Data below:

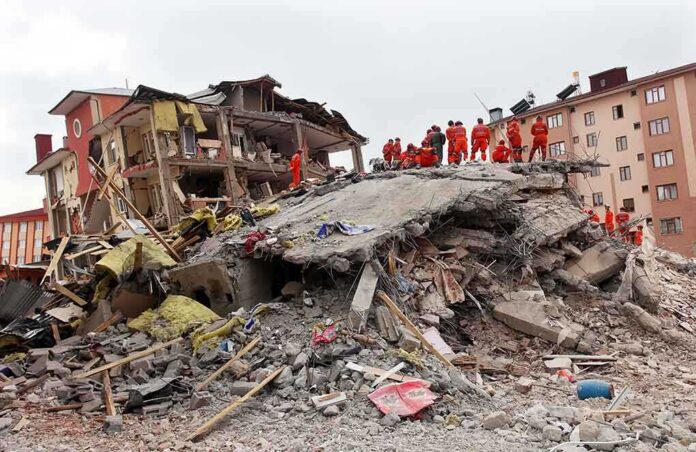 shutterstock_148947701-1 Rescue workers in orange uniforms on a collapsed building site after an earthquake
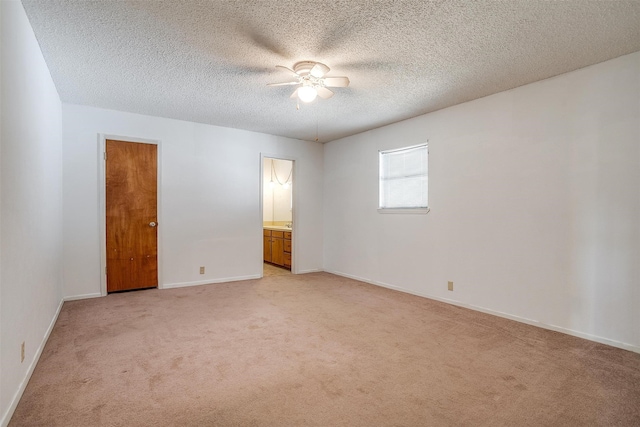 empty room featuring ceiling fan, light colored carpet, and a textured ceiling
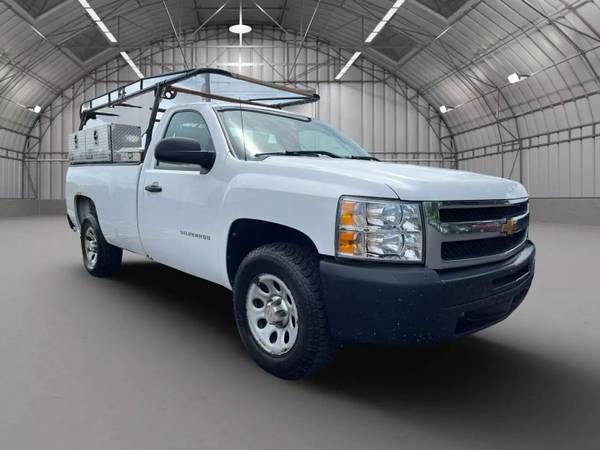 2012 Chevy Silverado CAMA LARGA CON CAJAS Y PORTAEQUIPAJES - $4,950 (riverside)63621970301057121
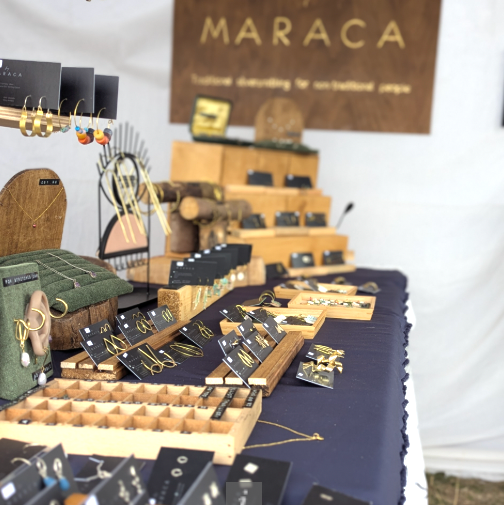 Display of Maraca products with a 'by MARACA' sign in the background.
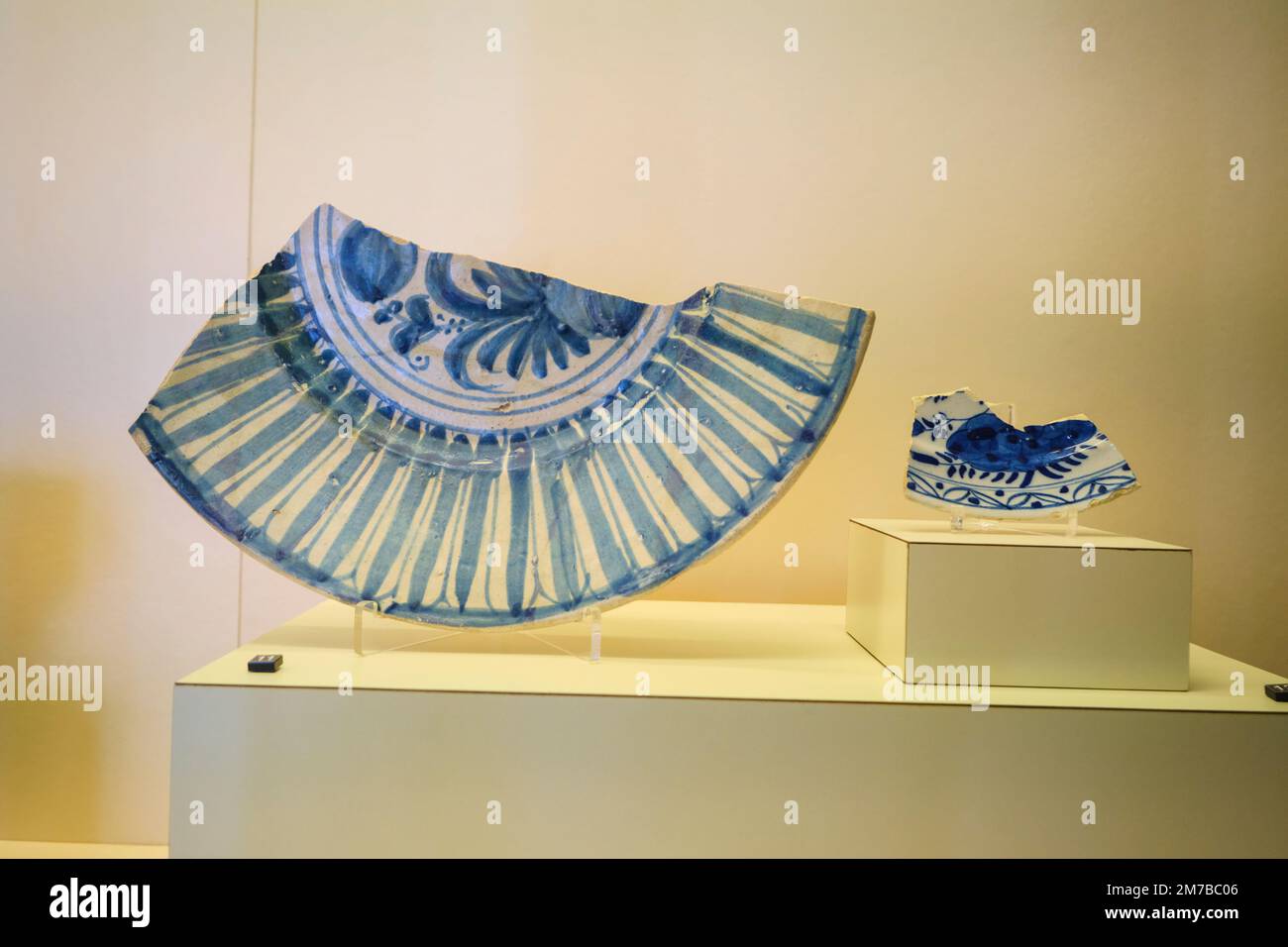 A display case in one of the gallery rooms, showing ancient pottery. At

End of Data.

### Your objective:
Go to the line with "2012 Chevy Silverado" in the entries above. Reproduce that line and each one after it to the end, exactly and without the pictures.

### Worked solution:
 2012 Chevy Silverado CAMA LARGA CON CAJAS Y PORTAEQUIPAJES - $4,950 (riverside)63621970301057121
 Display of Maraca products with a 'by MARACA' sign in the background.
 A display case in one of the gallery rooms, showing ancient pottery. At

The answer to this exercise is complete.